Ruang pemanggangan kopi, ada di belakang. Pengunjung harus lewat area pengepakan, dan masuk terus ke arah belakang. Memasuki ruang pemanggangan, hawa cukup panas langsung menerpa. Ya gimana enggak, saya melihat ada 2 "tungku pemanggang" biji kopi yang sedang bekerja di atas lidah api yang menjilat-jilat ganas. Bahan bakarnya? "Ini pakai gas dan dikoneksi dengan kompresor ukuran sedang yang meniupkan angin," ujar Rina menjelaskan.
Sebenarnya, yang disebut tungku pemanggang ini adalah drum besi yang menjadi wadah biji kopi. Drum yang sudah berubah warna menjadi hitam jelaga ini berputar cepat dengan bantuan mesin putar, di atas nyala api. "Lama pemanggangan biji kopi ini bisa sampai dua jam," jelas Rina lagi.
Sesudah itu, hasil pemanggangan kopi yang masih begitu panas ini didiamkan dulu sehari semalam di atas wadah terbuka. Keesokan harinya, barulah biji kopi hasil panggangan ini masuk ke mesin penggilingan kasar terlebih dahulu. Hasilnya, bubuk kopi yang masih kasar ini digiling lagi dengan mesin penggiling lembut, sehingga menghasilkan kopi bubuk. "Barulah kemudian masuk ke proses pengemasan yang disesuaikan dengan berat timbangan untuk ukuran jualnya," kata Rina lagi.
Rina memang tidak sembarangan berpendapat.

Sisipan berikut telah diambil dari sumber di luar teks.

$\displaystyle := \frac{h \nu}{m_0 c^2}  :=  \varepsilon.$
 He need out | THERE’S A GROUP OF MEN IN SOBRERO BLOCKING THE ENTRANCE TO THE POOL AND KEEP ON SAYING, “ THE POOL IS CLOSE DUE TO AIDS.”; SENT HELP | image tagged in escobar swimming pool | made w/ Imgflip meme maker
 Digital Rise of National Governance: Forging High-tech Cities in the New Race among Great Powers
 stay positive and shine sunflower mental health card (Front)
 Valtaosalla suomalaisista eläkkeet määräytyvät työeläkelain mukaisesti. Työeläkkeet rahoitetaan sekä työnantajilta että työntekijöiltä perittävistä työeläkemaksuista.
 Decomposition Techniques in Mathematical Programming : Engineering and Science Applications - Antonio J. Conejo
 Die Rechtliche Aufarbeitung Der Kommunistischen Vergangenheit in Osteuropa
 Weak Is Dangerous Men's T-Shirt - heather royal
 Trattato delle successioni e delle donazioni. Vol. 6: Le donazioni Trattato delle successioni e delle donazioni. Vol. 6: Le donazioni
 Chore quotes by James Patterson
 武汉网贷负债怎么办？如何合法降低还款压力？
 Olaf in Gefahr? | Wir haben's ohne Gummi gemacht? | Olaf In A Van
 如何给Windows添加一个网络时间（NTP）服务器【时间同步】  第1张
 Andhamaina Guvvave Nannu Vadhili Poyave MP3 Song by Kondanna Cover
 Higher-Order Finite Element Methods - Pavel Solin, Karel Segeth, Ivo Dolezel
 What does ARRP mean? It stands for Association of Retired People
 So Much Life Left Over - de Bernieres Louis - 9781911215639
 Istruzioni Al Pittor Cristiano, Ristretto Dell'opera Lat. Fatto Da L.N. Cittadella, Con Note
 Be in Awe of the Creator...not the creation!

Kopi khas Batusangkar memang sudah terkenal sejak zaman baheula doeloe. Bahkan, pada kemasan Kopi Kiniko ini terdapat tulisan yang keren banget: "Terbuat dari kopi pilihan dari Sumatera Barat yang sudah dikenal sejak tahun 1881 di kawasan Eropa."
Pada 1840, di Minangkabau diterapkan tanam paksa atau cultuurstelsel -- dan pemungutan pajak sebesar 20% kepada pribumi. Petani wajib menanam kopi, tetapi tidak boleh memetik hasil panennya. Buah kopi hasil panen akan langsung diangkut semua oleh Meneer Belanda ke negeri asalnya, untuk menambah pundi-pundi keuangan negara yang semakin tiris akibat peperangan di belahan wilayah Eropa. Para petani, cuma boleh memetik daun kopi. Belanda juga menyampaikan puja-puji penuh tipuan bahwa daun kopi sebenarnya justru lebih banyak khasiatnya daripada biji kopi.
Masyarakat kemudian terpaksa hanya bisa "minum kopi" dengan cara membuatnya dari daun kopi tua yang sudah dikeringkan, lalu diseduh air panas [sama seperti menyeduh teh dengan daun-daun teh yang kering]. Inilah yang kemudian berkembang terus sampai detik ini, dan akrab disebut dengan Kopi Kawa Daun, yang artinya kopi dari daun kopi yang dikeringkan.
Sampai detik ini, banyak yang percaya bahwa Kopi Kawa Daun punya banyak khasiat, seperti misalnya menghangatkan badan, menurunkan hipertensi, melancarkan saluran pernafasan, menambah vitalitas dan stamina, menyembuhkan penyakit kulit seperti kurap.
Menurut data tahun 2014 yang diperoleh dari situs Pemkab Tanah Datar, wilayah Kec Salimpaung sendiri sebenarnya merupakan kawasan sentra produksi kopi jenis Arabica. Sementara kopi jenis Robusta, sentra produknya ada di Kec X Koto, Batipuh, Sungai Tarab, Tanjung Baru, dan Lintau Buo Utara.